Se distinguer de ses prédécesseurs
C’est le président du groupe socialiste au Sénat, Didier Guillaume, qui, le premier, a donné le ton : « Nouvel attentat déjoué hier, et on chipoterait sur la loi renseignement ? », a-t-il lâché mercredi 22 avril sur son compte Twitter. Le lendemain, invité de la matinale de France Inter, M. Valls a renchéri : « Cette loi se veut efficace (…). Elle aurait donné plus de moyens aux services de renseignement pour effectuer un certain nombre de surveillances. » Et, comme pour mieux dramatiser la situation, le premier ministre a laissé tomber cette information : « Depuis janvier, de nombreux attentats ont été déjoués, cinq compte tenu de l’attentat qui n’a pas eu lieu à Villejuif. »
Quelques heures plus tard, Matignon rectifiait dans un communiqué diffusé par l’AFP. Ce n’est pas cinq depuis janvier, mais quatre depuis 2013. Quand ? Où ? Lesquels ? Nul ne le sait. La veille dans la soirée, le président de la République, s’alarmant de « la menace terroriste », évoquait à son tour « un texte en discussion » qu’il soumettra lui-même au Conseil constitutionnel, une fois celui-ci voté par le Parlement, tout en souhaitant « que ce texte puisse être adopté ».

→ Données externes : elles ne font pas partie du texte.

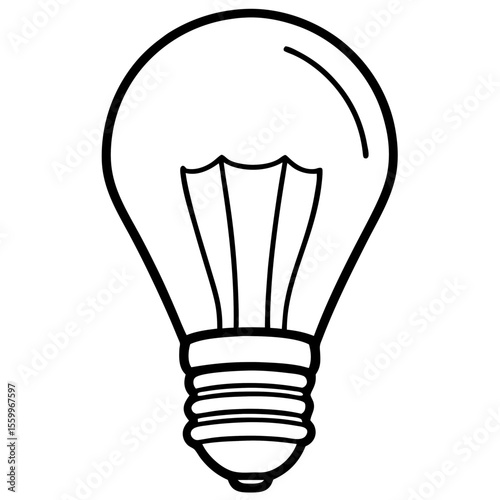 Minimal LED Bulb Vector Illustration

Attentats de janvier et polémiques sur la sécurité obligent, l’exécutif muscle désormais son discours. Jusqu’à fin 2014, le gouvernement préférait en dire le moins possible, prétextant la discrétion plus efficace que la publicité. En filigrane, le gouvernement de gauche cherchait ainsi à se distinguer de ses prédécesseurs de droite. Lesquels étaient régulièrement suspectés de jouer sur les peurs afin de justifier des politiques toujours plus sécuritaires.
Au débotté
Désormais, ces précautions semblent bien remisées. Dans l’affaire de l’attentat évité de Villejuif, dès mercredi matin et sitôt les premières rumeurs, le ministre de l’intérieur, Bernard Cazeneuve, a invité par texto au débotté quelques journalistes. Des informations avaient commencé à fuiter dans la matinée sur RTL et M6 : un individu de 24 ans, étudiant d’origine algérienne, était en garde à vue depuis dimanche 19 avril dans une affaire de terrorisme. Il était suspecté d’avoir assassiné ce même jour à Villejuif, Aurélie Châtelain, dans des conditions qui restent encore troubles. Selon toute vraisemblance, Sid Ahmed Ghlam, mis en examen et écroué vendredi 24 avril pour « assassinat, tentative d’assassinat et association de malfaiteurs en lien avec une entreprise terroriste », préparait une attaque tout aussi spectaculaire que meurtrière.
La loi sur le renseignement, qui devrait entrer en vigueur dans les prochains mois – si le Conseil constitutionnel ne la censure pas – aurait-elle permis de l’appréhender avant qu’il entame son action meurtrière ? Cela reste à prouver. En tout cas, l’utilisation d’événements dramatiques pour légitimer des décisions politiques ne date pas d’aujourd’hui. En son temps, Nicolas Sarkozy faisait réviser les lois après des faits divers tragiques. Avant lui, Jacques Chirac en 2002, s’était saisi de l’agression d’un homme quelques jours avant le premier tour de l’élection présidentielle pour fustiger la politique du gouvernement Jospin en matière de sécurité.